Calling set_rotation() as before would introduce an error to the scale and set it to, say 1.0000001. But the next time we ran set_rotation() and asked for the scale it would be rounded to the nearest integer value, so it would be returned as 1 -- the correct value. Applying the new rotation would again introduce an error and change the value to 1.0000001, but then again, the next time the function ran, the value returned would be snapped back to 1.

So by rounding the returned scale to fixed discrete values we prevent the feedback loop. We still get small errors in the scale, but without the runaway effect they are unnoticeable. (Small errors occur everywhere, for example in the scene graph transforms. That's the nature of floating point computation. It is not the small errors that are the problem but the mechanisms that can cause them to result in visible effects.)

Of course, if we round to integer values we can only scale an object by 1, 2, 3, etc. Not by 0.5, for instance. But we can fix that by using some other set of discrete numbers for the scale. For example, we could round to the nearest 0.0001. This would let us have scales of 0.9998, 0.9999, 1.0000, 1.0001, 1.0002, … Hopefully that is enough precision to cover all the different scales that our artists might want to use.

Drifting won't happen in this scheme, because the floating point errors will never be big enough to change the number to the next discrete value. (Unless you used really large scale values. If you want to support that -- typically not interesting, because things like texture and vertex resolution start to look wonky -- you could use a geometric quantization scheme instead of an arithmetic one.)

Snapping the scale values in this way might be OK for static scaling. But what if you want to smoothly change the scaling with an animation? Won't the discrete steps cause visible jerks in the movement?

Actually not.
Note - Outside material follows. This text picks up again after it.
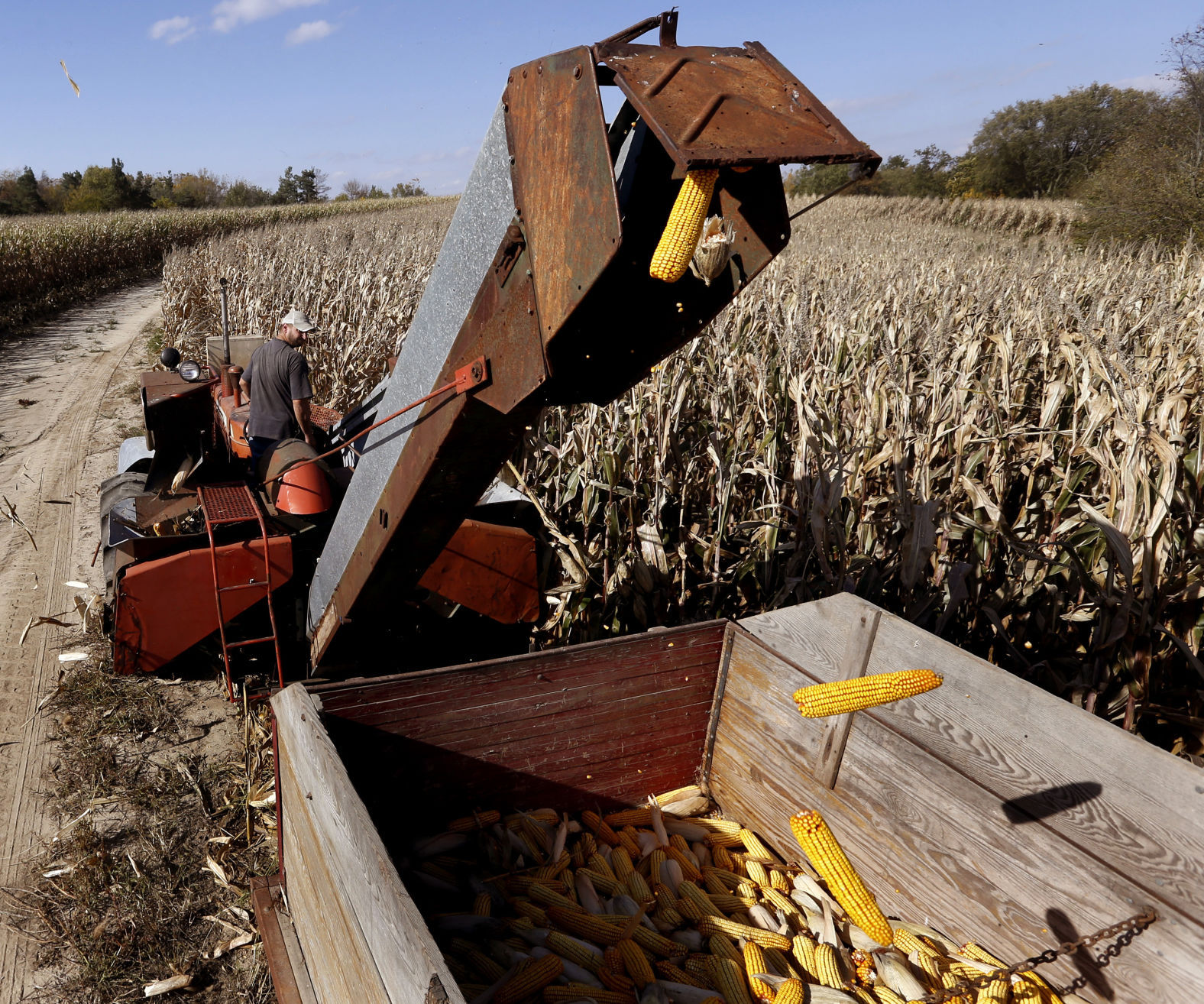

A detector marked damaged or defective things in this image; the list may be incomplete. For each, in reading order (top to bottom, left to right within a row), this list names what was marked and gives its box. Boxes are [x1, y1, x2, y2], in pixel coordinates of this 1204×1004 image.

rusty metal chute [306, 13, 881, 664]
Remember that it is only the value returned by scale() that is quantized, the user is still free to set_scale() to any non-quantized value. When the scale is driven by an animation, it is fed from an outside source. We don't need to read it from the matrix and reapply it. So the quantization that happens in scale() never comes into play.
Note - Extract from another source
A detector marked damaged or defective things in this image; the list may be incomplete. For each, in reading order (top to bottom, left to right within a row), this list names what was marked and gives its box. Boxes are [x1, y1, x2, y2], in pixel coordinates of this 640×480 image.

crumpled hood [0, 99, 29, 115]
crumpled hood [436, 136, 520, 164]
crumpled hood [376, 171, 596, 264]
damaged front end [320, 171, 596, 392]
So amazingly enough, this hacky solution of snapping the scale to a fixed set of discrete values actually seems to work for most real world problems. There might be situations where it would cause trouble, but I can't really come up with any.

Solution 4: Prevent systematic errors

A final approach is to try to address how the numbers are drifting instead of stopping them from drifting. If you look at the table above you see that the errors are growing linearly. That is not what you would expect if the errors were completely random.
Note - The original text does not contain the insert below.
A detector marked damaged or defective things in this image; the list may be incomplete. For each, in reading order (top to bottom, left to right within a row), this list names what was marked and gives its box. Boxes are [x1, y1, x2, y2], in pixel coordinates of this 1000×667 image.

If the errors in each iteration were completely random, you would get a random walk process where the total error would be e * sqrt(N) rather than e * N, where e is the error from one iteration and N the number of iterations. The fact that the error grows linearly tells us that our computation has a systematic bias -- the error is always pushed in one particular direction.

If we could get rid of this systematic bias and get a truly random error, the accumulated error would grow much more slowly, the square root makes all the difference. For example, for the error to grow to 0.1 % it would take 5.2 years rather than 28 minutes. At that point, we might be ok with the drifting.

I haven't thought that much about what would be needed to get rid of the systematic bias in the set_rotation() function. It's a pretty tricky problem that requires a deep understanding of what happens to all the floating point numbers as they travel through the equations.

Conclusion

In the Bitsquid engine we have so far gone with #2, as a make-shift until we decided on the best permanent solution to this problem. After reviewing the options in this article I think we will most likely go with #1. #3 is an interesting hack and I think it would work almost everywhere, but I'm willing to pay the slight performance price for the cleaner and clearer solution of #1.